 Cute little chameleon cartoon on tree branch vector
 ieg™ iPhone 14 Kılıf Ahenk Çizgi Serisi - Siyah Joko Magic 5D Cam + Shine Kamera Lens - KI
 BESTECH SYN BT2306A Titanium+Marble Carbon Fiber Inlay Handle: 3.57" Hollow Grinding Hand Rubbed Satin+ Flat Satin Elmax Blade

--

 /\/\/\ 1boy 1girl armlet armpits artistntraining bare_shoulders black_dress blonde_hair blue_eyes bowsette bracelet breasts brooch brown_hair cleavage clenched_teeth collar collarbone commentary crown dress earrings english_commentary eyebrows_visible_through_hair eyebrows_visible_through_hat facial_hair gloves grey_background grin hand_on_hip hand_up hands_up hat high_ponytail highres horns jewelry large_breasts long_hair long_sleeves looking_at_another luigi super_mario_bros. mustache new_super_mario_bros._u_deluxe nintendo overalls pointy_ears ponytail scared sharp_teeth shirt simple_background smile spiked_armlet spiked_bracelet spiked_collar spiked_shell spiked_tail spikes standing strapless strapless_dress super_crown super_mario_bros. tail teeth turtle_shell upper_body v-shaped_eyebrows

▸ **What the task asks**
Taking the entries above, print exactly the lines starting at the line with "Cute little chameleon" and ending at the line with "BESTECH SYN BT2306A", both included.

▸ **Exercise output**
 Cute little chameleon cartoon on tree branch vector
 ieg™ iPhone 14 Kılıf Ahenk Çizgi Serisi - Siyah Joko Magic 5D Cam + Shine Kamera Lens - KI
 BESTECH SYN BT2306A Titanium+Marble Carbon Fiber Inlay Handle: 3.57" Hollow Grinding Hand Rubbed Satin+ Flat Satin Elmax Blade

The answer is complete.